QueryCraft- The Swiftest and Most Comprehensive Open Framework to Build NL2SQL at Scale

Enterprise-grade NL2SQL is hard & complex. Querycraft offers an end-to-end open source framework to generate accurate Text2SQL queries with out-of-the-box tooling to annotate, fine-tune, query-correction , inference , evaluation and analytics dashboard.

Kunal Sawarkar
Towards Generative AI

--

QueryCraft’s GitHub Repo.

The hottest programming language of the moment is English, thanks to LLMs which can generate code from natural language to any programming language. While code generation in any language is valuable for enterprise AI, a particular focus has been on creating SQL from plain English, since it’s a transformative use case, bridging the gap between business and IT.

Democratizing Data

Before GenAI, conducting ‘what if’ analysis meant navigating through Data Analytics or BI teams, resulting in delays and significant costs.
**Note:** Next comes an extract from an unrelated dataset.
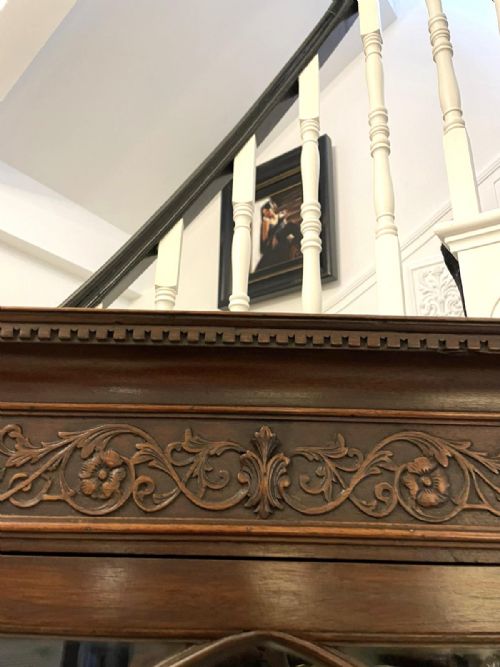 ANTIQUE MAHOGANY ASTRAGAL GLAZED CARVED CORNER CABINET - ADDITIONAL PHOTO 9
Data in many enterprises remains locked within thousands of RDBMS tables, secured by stringent access controls and team of data analysts. The primary bottleneck is the need to understand complex data models and convert business requirements into SQL queries. Nearly half of an enterprise’s Analytics budget is spent just on that conversion.

Imagine a world where the need for a dedicated data analyst team is eliminated, allowing business analysts to do everything they want. With NL2SQL, the necessity for query writing expertise becomes obsolete, empowering domain experts to the most significant democratisation of data since invention of RDBMS 4 decades ago.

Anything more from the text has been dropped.